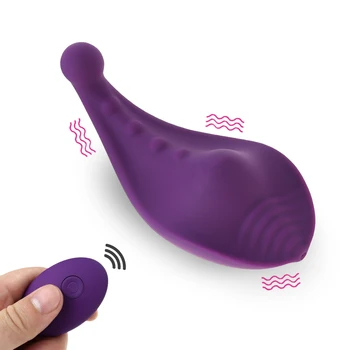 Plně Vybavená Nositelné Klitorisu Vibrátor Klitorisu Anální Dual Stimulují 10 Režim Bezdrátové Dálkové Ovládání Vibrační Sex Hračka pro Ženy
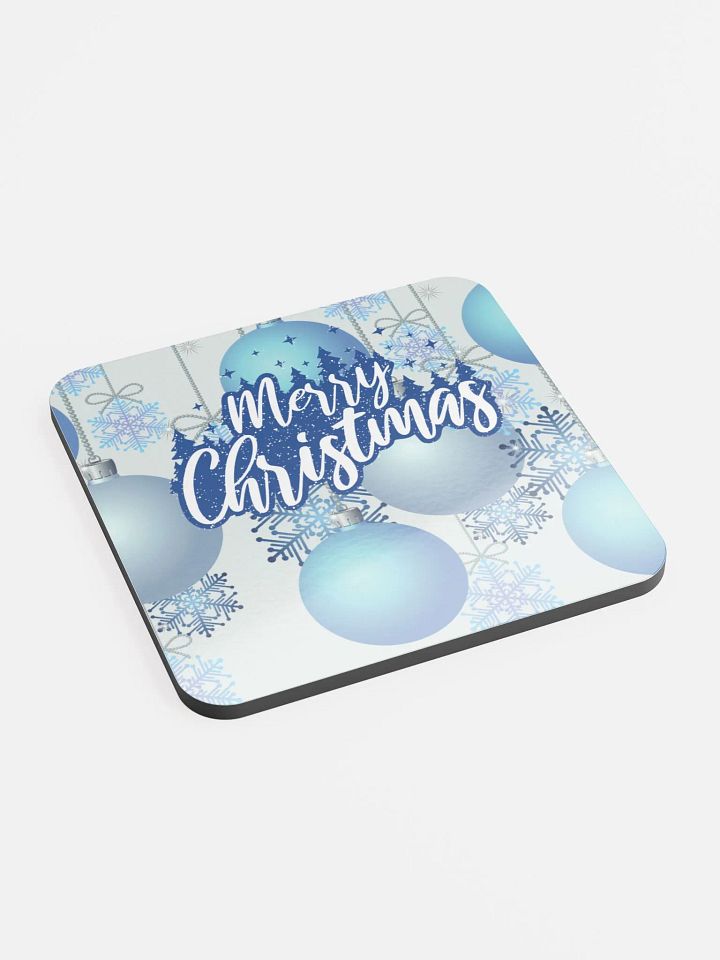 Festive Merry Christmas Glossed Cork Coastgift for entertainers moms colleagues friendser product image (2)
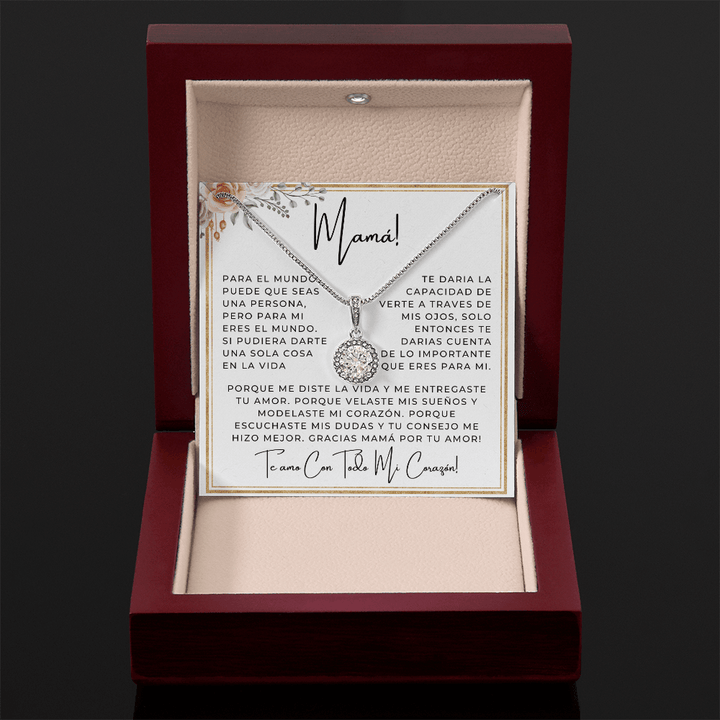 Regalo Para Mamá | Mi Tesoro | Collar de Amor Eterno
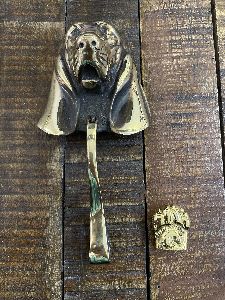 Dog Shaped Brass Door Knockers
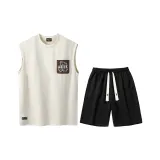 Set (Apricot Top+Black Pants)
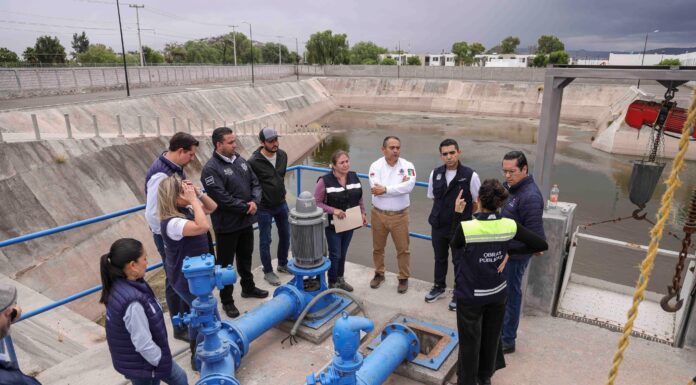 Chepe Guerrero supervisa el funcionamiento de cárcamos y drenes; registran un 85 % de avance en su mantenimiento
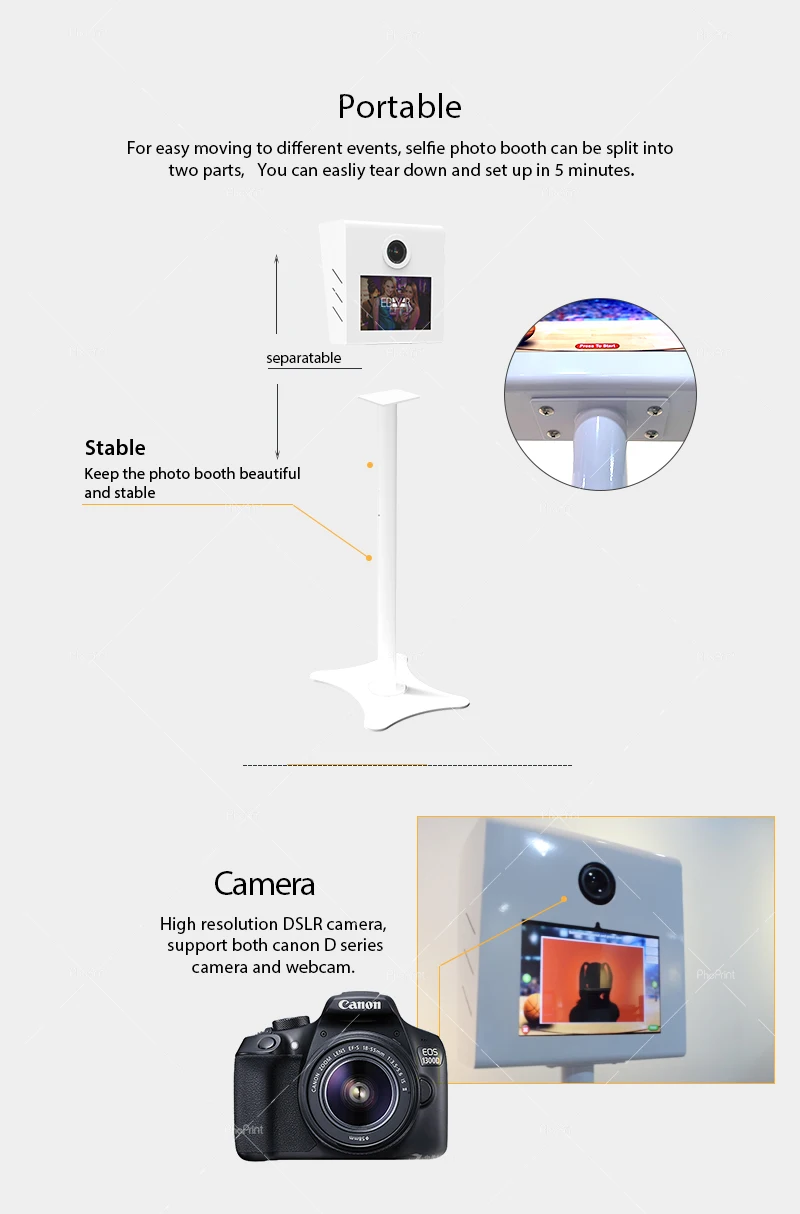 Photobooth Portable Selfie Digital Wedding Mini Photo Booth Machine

⁂

[Aim of the task] From the line containing "Dog Shaped Brass Door Knockers" to the last line of the records above, return each line exactly, both ends included, and nothing more. Leave out the pictures.

[Answer to this problem]
 Dog Shaped Brass Door Knockers
 Set (Apricot Top+Black Pants)
 Chepe Guerrero supervisa el funcionamiento de cárcamos y drenes; registran un 85 % de avance en su mantenimiento
 Photobooth Portable Selfie Digital Wedding Mini Photo Booth Machine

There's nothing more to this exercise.